Paul Tamanian, an artist we represent whose open-air studio spills onto his dirt driveway, has left messages like this on my voicemail:
[First — imagine a grumpy excited voice, if you can conjure such a tone]
“So, it’s hot outside. Pushing 100. Humid. It’s like swimming through air. Worked four hours, threw up, came inside, had a green smoothie. I’m heading back out. Don’t call me back till it’s dark, I’ll be outside.”
I’ve received a message like that at least 3 times over the last 21 years. At least three throwup messages — could be five. Could be seven. Then toss in hundreds of other voicemails across two decades, all fresh from the intense pursuit of artistic perfection. Each one a growl from the edge of creation . . .
My wife is a calmer, more reflective sort. Still, you can tell when she’s got a high coming off her work.

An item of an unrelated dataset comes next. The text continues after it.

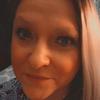 Profile Picture of Jerrianne Walker (@@jerriannejones) on Tiktok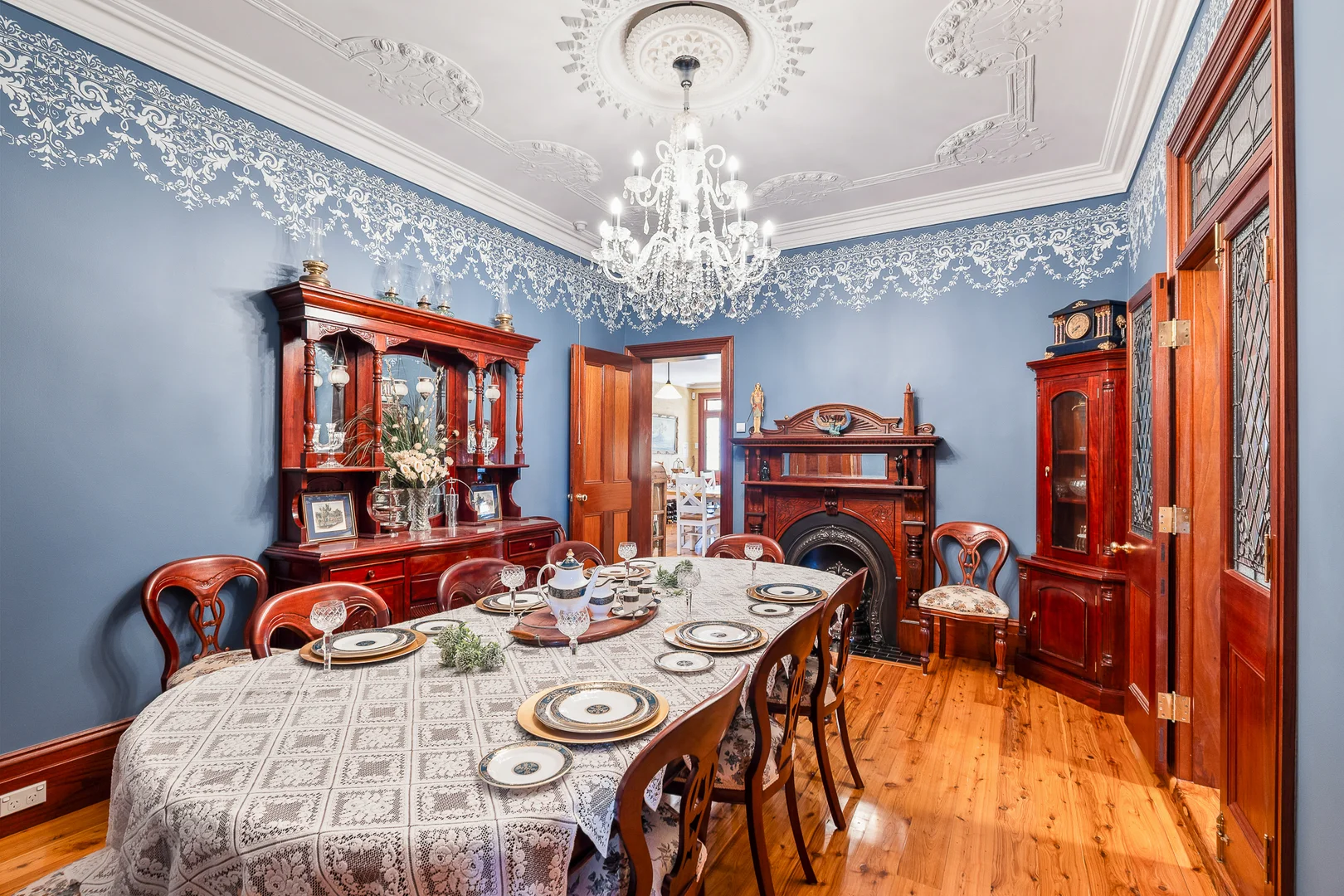 Additional image 9 of 48-50 Peel Street, Tamworth NSW 2340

She fairly dances about, coltish-like.
Deep work requires deep play. And that requires immersion. A dive so deep external reality disappears and all that remains is what you’re grappling with.
Undistracted time is essential. As is a sense of playfulness so adroit one feels kinship with elves. With pixies. With street performers. With children crayon in hand.
When you look up from your work feeling simultaneously exhausted and enlivened, you’re there.
What we’re aiming for in our creative practice is a focus so deep, so rewarding we can only call it workplay.